To use abstraction, we must first import the ABC
method from the abc
module. The unique thing about abstract classes is that they don’t have any implementation of their own, so the subclasses that inherit from them must have their own implementation of the method.
from abc import ABC
class Phone(ABC):
def battery_capacity(self):
pass
class Andriod(Phone):
def battery_capacity(self):
print("My LC7 battery is 6k mAh")
class Iphone(Phone):
def battery_capacity(self):
print('My iPhone 13 battery is 5k mAh')
class Pixel(Phone):
def battery_capacity(self):
print('My Pixel 7 battery is 4.3k mAh')
lc7 = Andriod()
iphone = Iphone()
pixel = Pixel()
lc7.battery_capacity()
iphone.battery_capacity()
pixel.battery_capacity()
Here, we have an abstract class Phone
, signaled by the label ABC
. The class Phone
has an abstract method called battery_capacity()
, but it has no definition because abstract methods are not defined. They remain empty, forcing the subclasses that are inheriting the abstract class to provide their own implementation for the method, as shown in the example.

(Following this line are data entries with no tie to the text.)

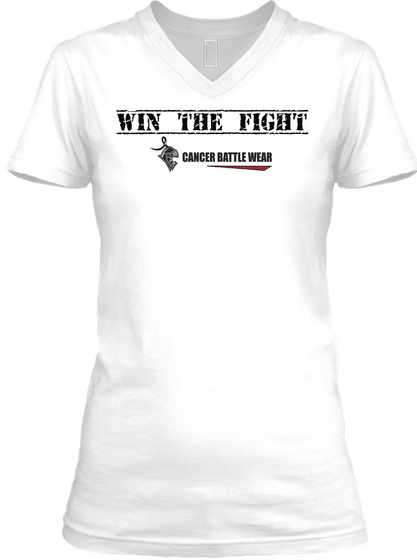 Win The Fight Cancer Battle Wear White Camiseta Front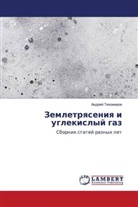 Andrej Tihomirow - Zemletrqseniq i uglekislyj gaz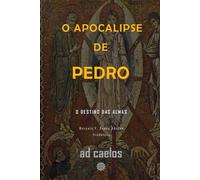 O Apocalipse de Pedro: O destino das almas (Série Apocalipses e Visões)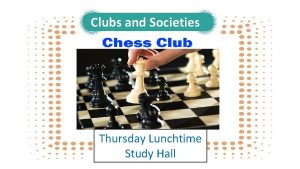 Clubs and Societies Thursday Lunchtime Study Hall Clubs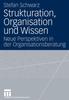 Книга Strukturation, Organisation Und Wissen : Neue Perspektiven In Der Organisationsberatung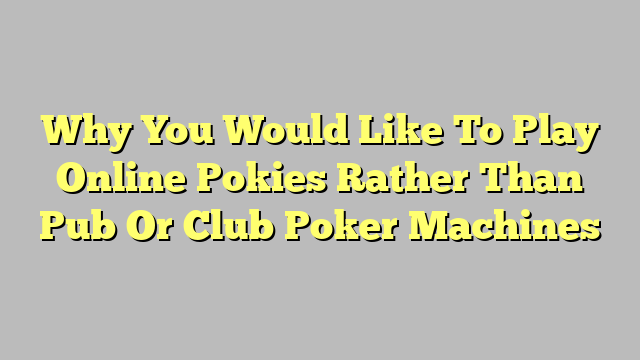 Why You Would Like To Play Online Pokies Rather Than Pub Or Club Poker Machines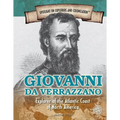 Giovanni Da Verrazzano: Explorer of the Atlantic Coast of North America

OOP is a powerful programming paradigm with several benefits. Because it relies on real-world, concrete objects, it is therefore very relatable and easy to visualize. The concepts of objects, inheritance, and abstraction relate very closely to real-world experiences, as we have seen in the examples above. With OOP, programmers can write reusable code and large programs become far less complicated to work with or debug.